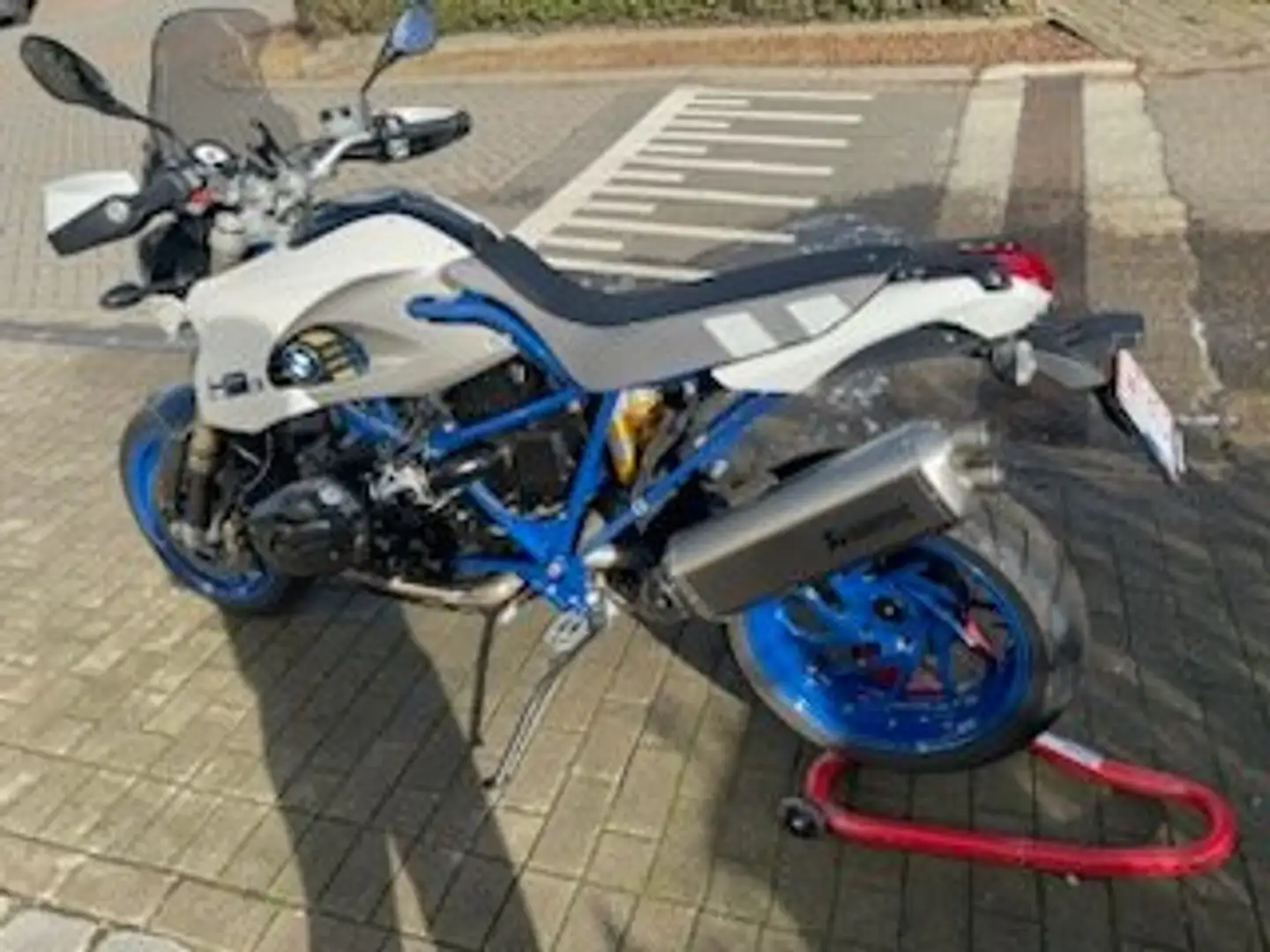 BMW HP 2 Megamoto Синій - 1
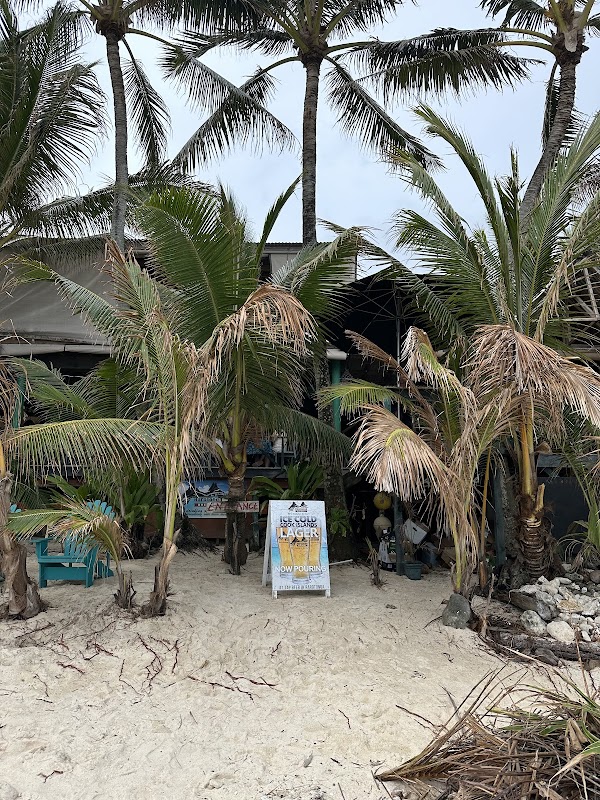 The Waterline Restaurant and Outrigger Beach Bar 3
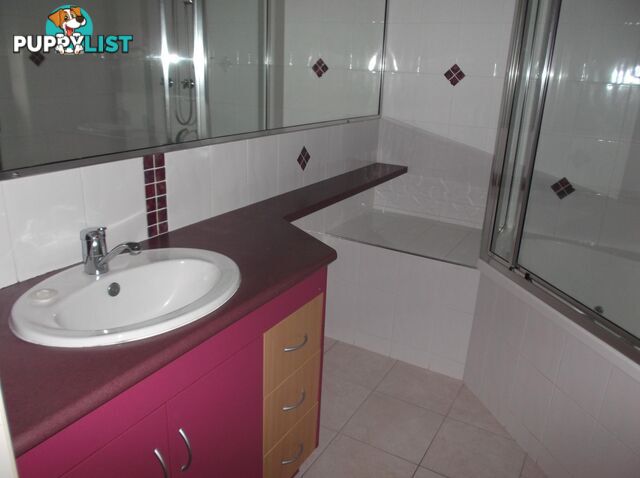 3 Paddington Court KALKIE QLD 4670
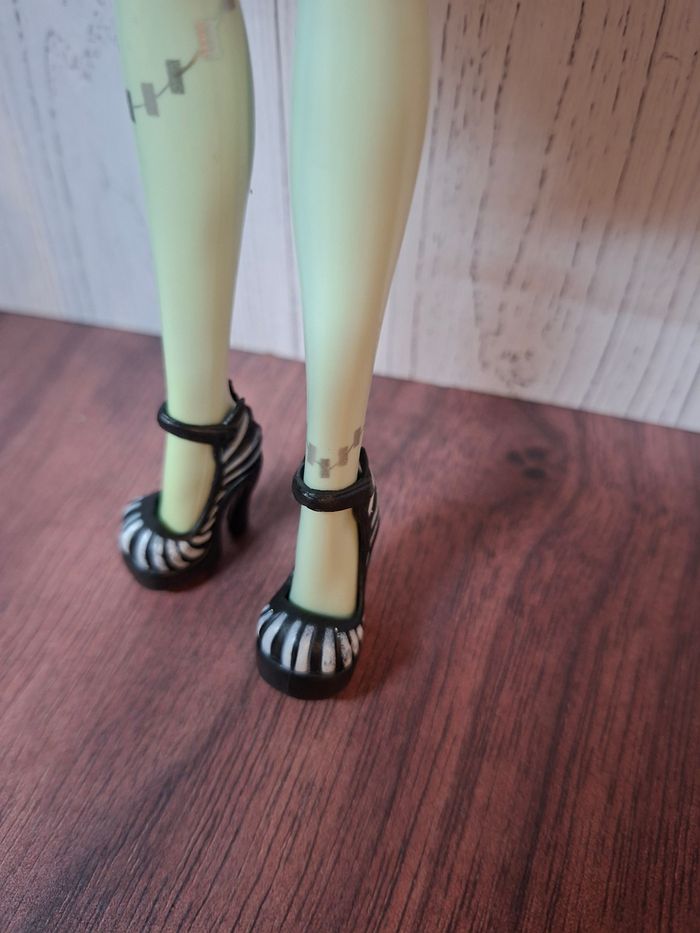Monster high - frankie stein électrique fonctionne parfaitement - photo numéro 6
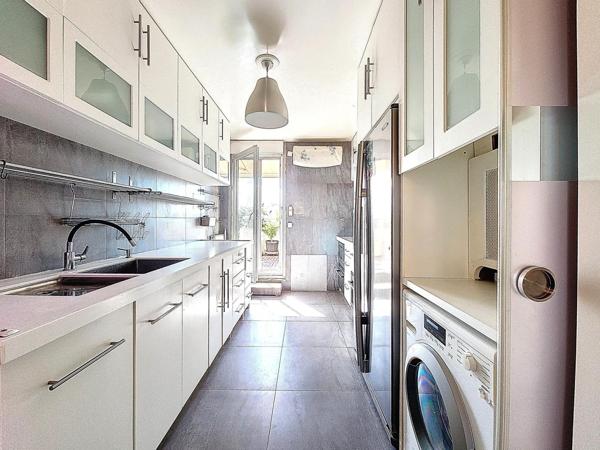 Dernier étage, double exposition, et l’impression d’être ailleurs.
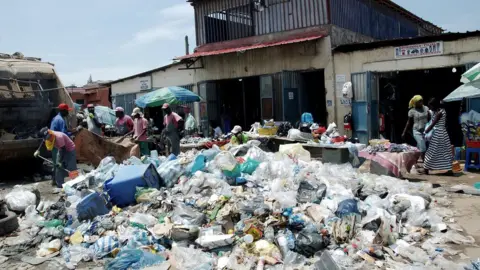 STRINGER Rubbish pile on a street in Luanda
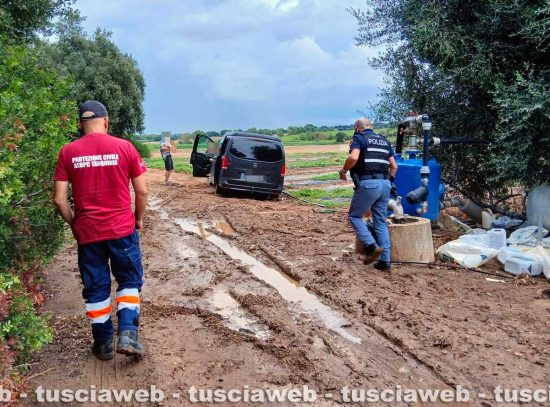 Tarquinia - Famiglia di turisti resta impantanata nel fango, soccorsi da Aeopc e polizia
--------------------------------------------------
EXERCISE AIM
The expected output is exactly the lines from the one containing "Monster high - frankie" through the last line of the listing, both included, with every picture left out.

RESPONSE TO THIS EXERCISE
Monster high - frankie stein électrique fonctionne parfaitement - photo numéro 6
 Dernier étage, double exposition, et l’impression d’être ailleurs.
 STRINGER Rubbish pile on a street in Luanda
 Tarquinia - Famiglia di turisti resta impantanata nel fango, soccorsi da Aeopc e polizia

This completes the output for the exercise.